すべてを失って捨てられましたが、聖絵師として輝きます!~どうぞ私のことは忘れてくださいね~
 周囲がざわつく。
 人々の視線が、同情から疑念へと変わっていくのがわかる。
 まずい、どうにかしなくちゃ。そう思ったそのとき――


「カルベラ国の元王女、エレノア・ハルトマン様のご登場です!」

 会場内に高らかな声が響いた。

 思わず息を呑む。
 でも、すぐにひらめいた。
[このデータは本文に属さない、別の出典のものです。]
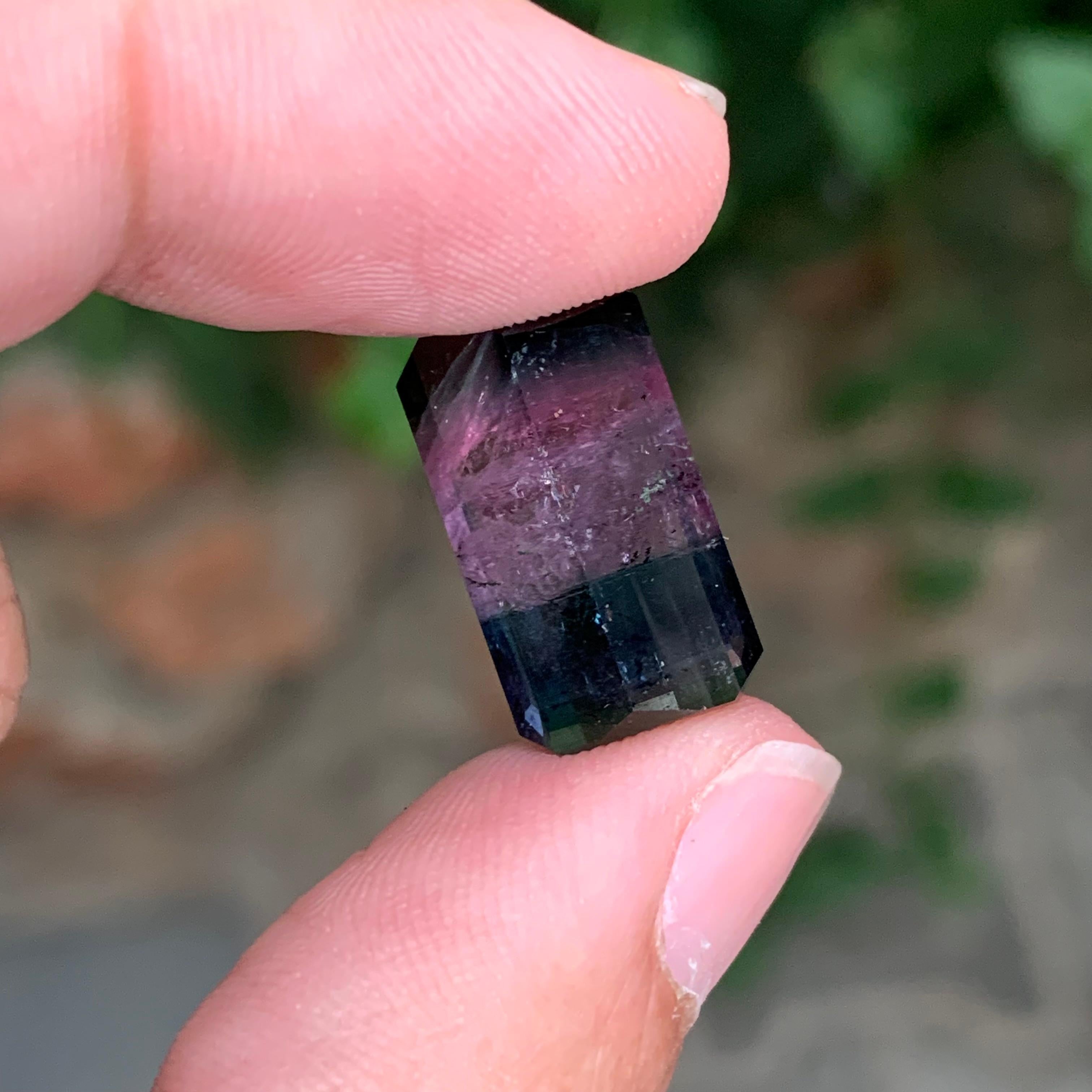 Pierre précieuse naturelle non sertie, tourmaline de forme émeraude de 11,30 carats en vente 5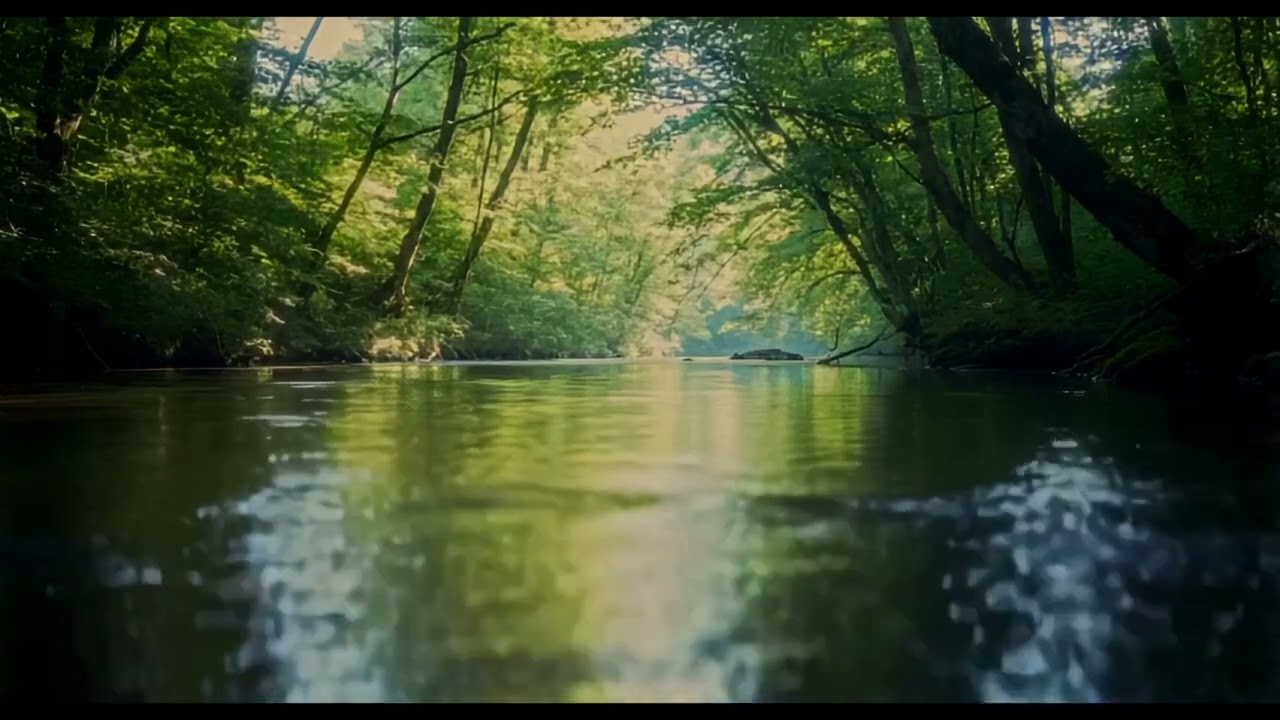 Beauty of Nature in a serene environment Relaxing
これはチャンスだわ。
 聖絵師の本場のカルベラ国と繋がりを持てば、私はもっと輝ける。

 第3王子殿下も私を認めているし、王子の伝手で王族との縁を築けるかもしれない。
 そうなれば、縁談の話なんていくらでも舞い込んでくる。
 アベリオなんて、もう用済みよ。

 ちらりとアベリオを見ると、彼は真顔のまま冷たい目で私を見ていた。

 何よ、その目。
 全部私のせいだって言いたいの? ふざけないで。


 パーティ会場の赤い絨毯が敷かれた階段上に、ドレスをまとった老齢の女が姿を現した。
 その瞬間、会場の空気が一変した。

「まあ、あれがエレノア元王女殿下なの?」
「お美しい。とてもご高齢には見えないわ」
「立ち居振る舞いがまるで現役の王女のようね」

 たしかに気品に満ちていて、少しも隙がない。
 でも、怖くないわ。
 私はこの国で一番の聖絵師だもの。

 レイラが戻ってきても、あの子は絵が描ける手じゃないから、今さらライバルにもならないわね。